Terá  sido esta a convicção dos membros da Câmara Municipal da Horta quando, no dia 12 de Outubro de 1910, no decurso da sessão ordinária e após as devidas explicações do chefe do distrito, decidiram aderir à República portuguesa. A acta dessa reunião camarária diz-nos o que então se passou. Participaram os vereadores José Inácio de Cristo, que na ausência do presidente dirigiu os trabalhos, José Augusto de Sequeira, José Ventura, Henrique Garcia Monteiro e Manuel Peixoto de Ávila. Estava presente o governador civil, dr. José Machado de Serpa que “pediu a palavra e declarou que a Câmara não ignorava a razão porque ali se achava”. Adiantou ele “que tendo sido proclamada a República em Portugal no dia 5 do corrente o Exmo. Governador [sic] Provisório da mesma República o nomeara para o cargo de Governador Civil do distrito da Horta que aceitou”. Confiava ele que “a Câmara Municipal do primeiro concelho do distrito lhe não criaria quaisquer embaraços e antes pelo contrário contava com a sua leal cooperação para assim melhor poder exercer o cargo para que superiormente fora nomeado”. Garantia que “a Câmara também podia contar sempre com a sua franca, leal e oficial coadjuvação em tudo o que fosse das suas atribuições oficiais”. O governador explicitou depois “as principais causas que levaram o povo a apear a monarquia implantando a República”. A presidência agradeceu a “comparência e franca declaração” do Governador e congratulou-se com a acertada escolha do Governo Provisório, “que não podia recair em um cidadão mais à altura de desempenhar tão elevado cargo”. De seguida “consultou os vereadores presentes sobre se concordavam ou não com a exposição feita por S. Ex.ª, no que todos concordaram”.

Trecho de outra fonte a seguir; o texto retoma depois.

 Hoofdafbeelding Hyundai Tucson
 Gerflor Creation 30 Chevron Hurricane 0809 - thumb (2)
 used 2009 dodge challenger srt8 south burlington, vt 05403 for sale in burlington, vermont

Este interessante relato prossegue com o Dr. Serpa “agradecendo à Câmara a sua declaração” e pedindo “licença para se retirar”. Antes, porém, o vereador Sequeira, após autorização da Câmara, disse que “não sendo a Câmara política, mas sim composta de cidadãos que professavam diversas ideias políticas onde se encontravam também republicanos, e que tendo aceitado as declarações feitas pelo Exmo. governador civil em nome do Governo Provisório da República Portuguesa, por isso propunha que se suspendesse a sessão e a corporação acompanhasse S. Ex.ª ao seu gabinete, o que foi aprovado por unanimidade”.

No termo desta parte da sessão, “a Câmara deliberou autorizar a presidência a oficiar a S. Ex.ª comunicando-lhe a sua adesão ao novo regime”2.

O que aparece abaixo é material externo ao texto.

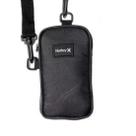 Shoulder Bag Hurley Frequency Unissex - Preta Shoulder Bag Hurley Frequency Unissex - Preta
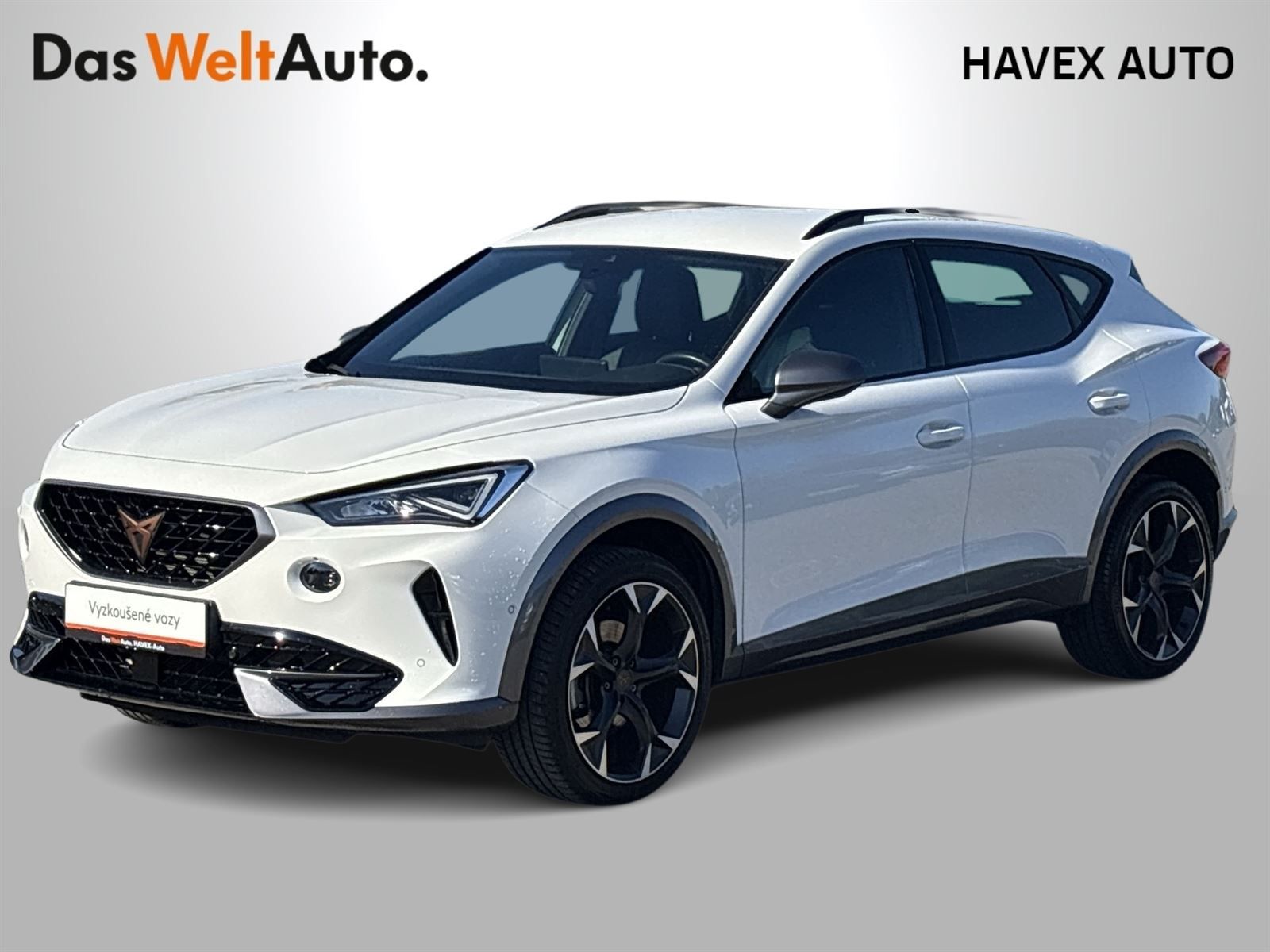 Cupra Formentor, 1.5 TSI DSG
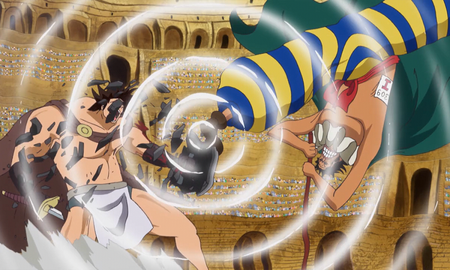 Những nhân vật sở hữu cú đá "bá đạo" nhất trong One Piece (Phần 1)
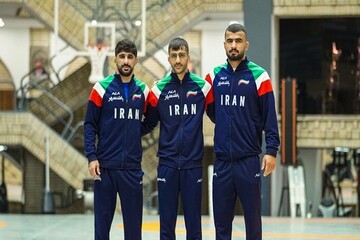 درخشش فرنگی‌کاران ایران در آستانه؛ دو طلا و یک برنز در روز دوم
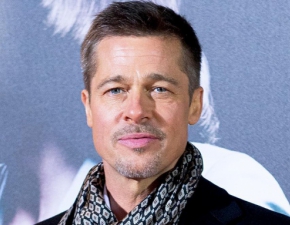 Brad Pitt ma now partnerk? Ma ni by seksowna pani profesor!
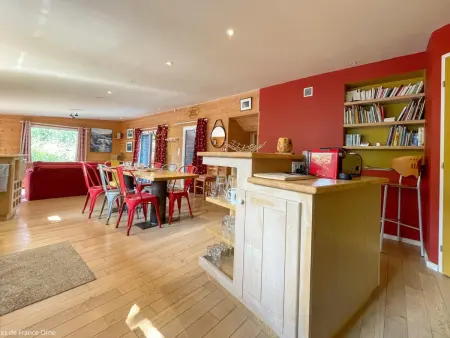 Maison indépendante avec spa nordique, piscine partagée et jardin - Photo 9
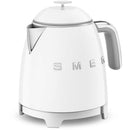 Smeg Bouilloire électrique de 0.8l KLF05WHUS - Germain Larivière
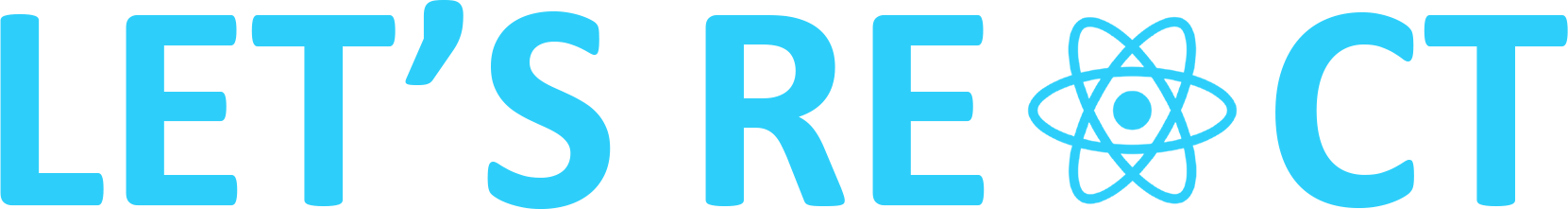 Welcome to the Let’s React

Foi assim, nesta interessante e delicada troca de gentilezas que o concelho da Horta passou de monárquico a republicano, com a singularidade da edilidade que tomou essa histórica deliberação se assumir como “não política”! 

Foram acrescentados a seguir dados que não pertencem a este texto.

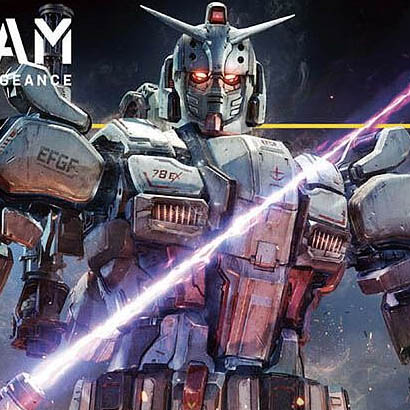 HG Gundam EX (Gundam: Requiem for Vengeance)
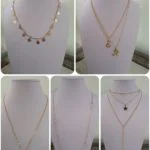 Gargantilhas. Foto: Bijoux Beautiful Girls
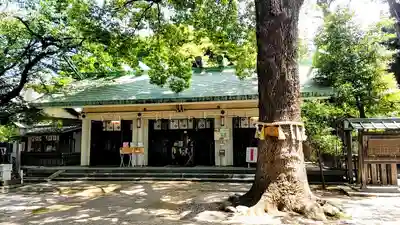 駒込天祖神社(東京都)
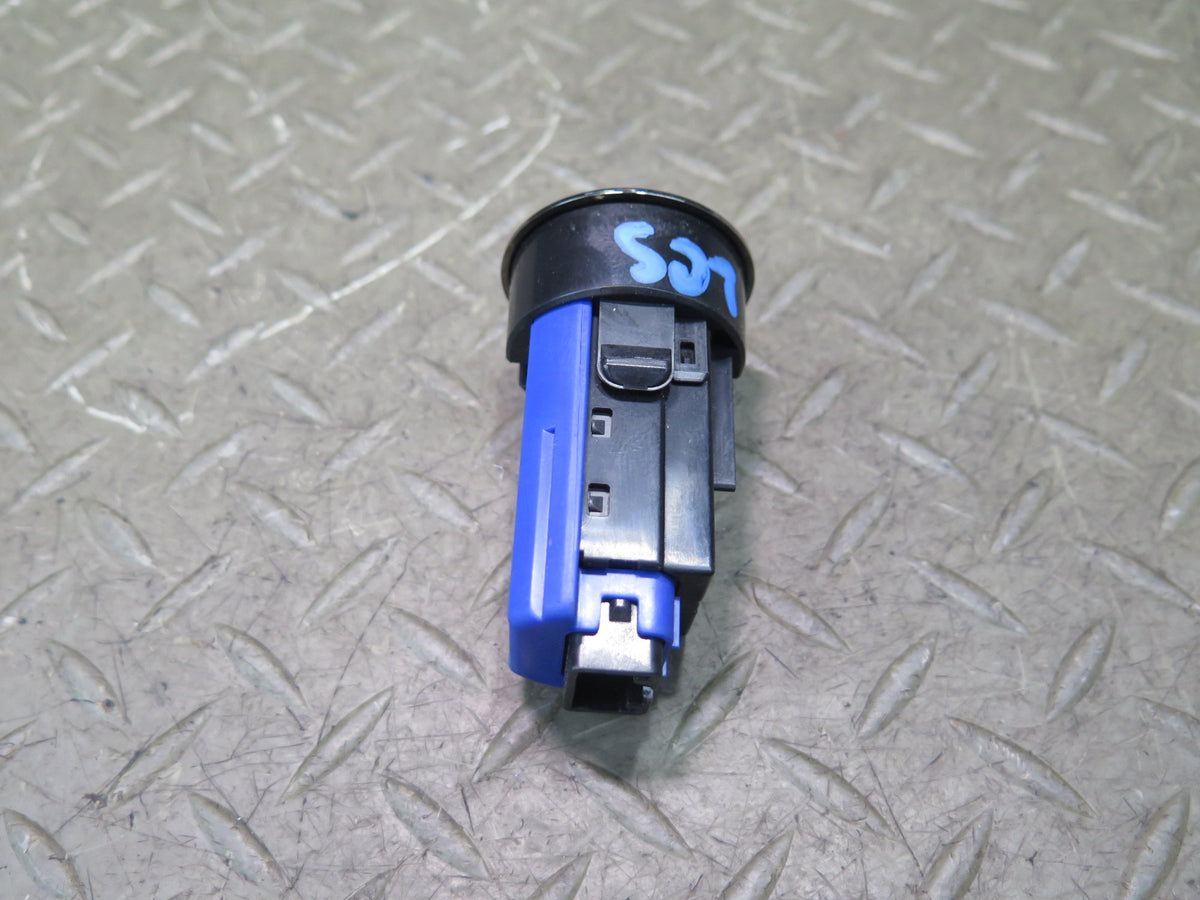 2010 Lexus UVF46L LS600h Ignition Engine Start Stop Blue Button Switch OEM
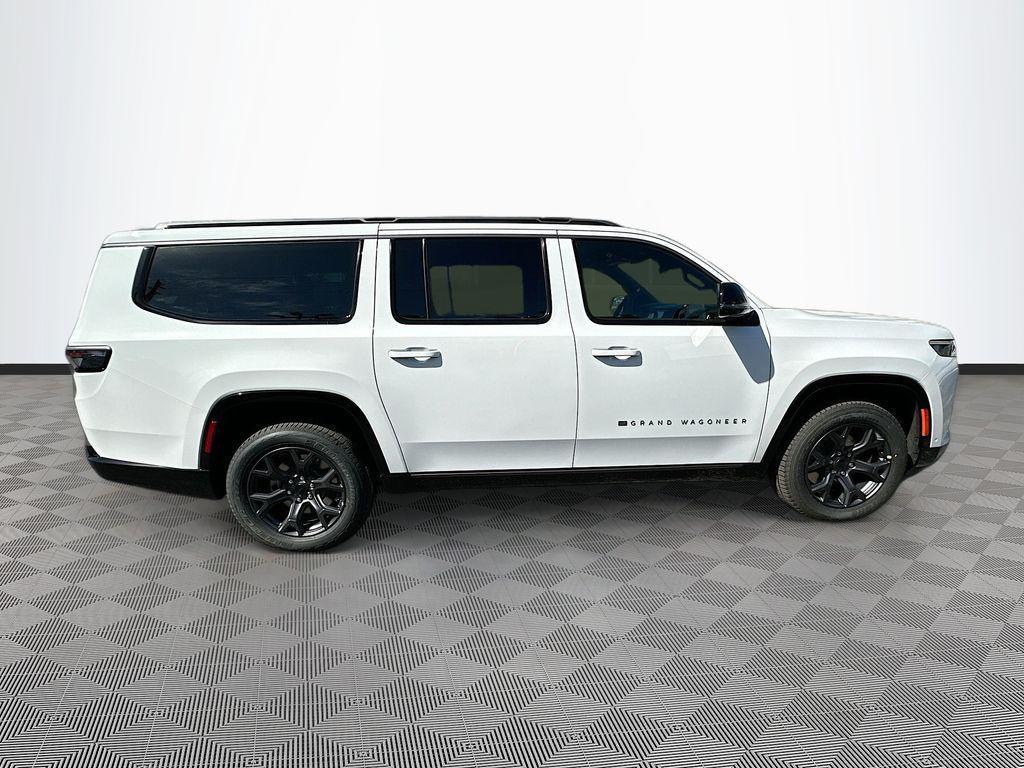 new 2026 Jeep Grand Wagoneer L car, priced at $72,130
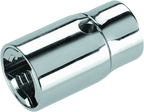 Kuryakyn Bullet 1000 H-D OEM Handlebar Control Mount Chrome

2. Um caso de adesivagem colectiva   

Pouco depois do 5 de Outubro, um ex-ministro, citado por Raul Brandão nas suas Memórias, confiava que o novo regime seria uma República onde entraria toda a Monarquia, com a natural excepção do Rei e da Corte. Este modo de encarar a República permitiria que a elite liberal pudesse rapidamente mudar de campo e passasse do poder monárquico para o poder republicano. Daqui decorreu a auto-dissolução de agrupamentos partidários, de forma que os seus dirigentes estivessem disponíveis para terem uma nova vida política. Se é certo que a tese da “república para os republicanos” prevaleceu em vários sectores da administração central, a chamada “adesivagem”, ou seja a rápida conversão de realistas em republicanos, aconteceu por toda a parte, certamente com maior intensidade – até porque mais necessária – nas terras mais pequenas. Foi isto que sucedeu no Faial. Efectivamente, no último dia de Outubro de 1910, uma pequena notícia exemplifica o que se acaba de dizer: “o partido regenerador do distrito da Horta dissolveu-se em sua reunião de ontem, tendo os respectivos membros comunicado a sua adesão ao Governo, por intermédio dos açorianos srs. Amaro de Azevedo Gomes, ministro da Marinha, e dr. Manuel de Arriaga, reitor da Universidade de Coimbra, participando também este facto ao sr. governador civil”3.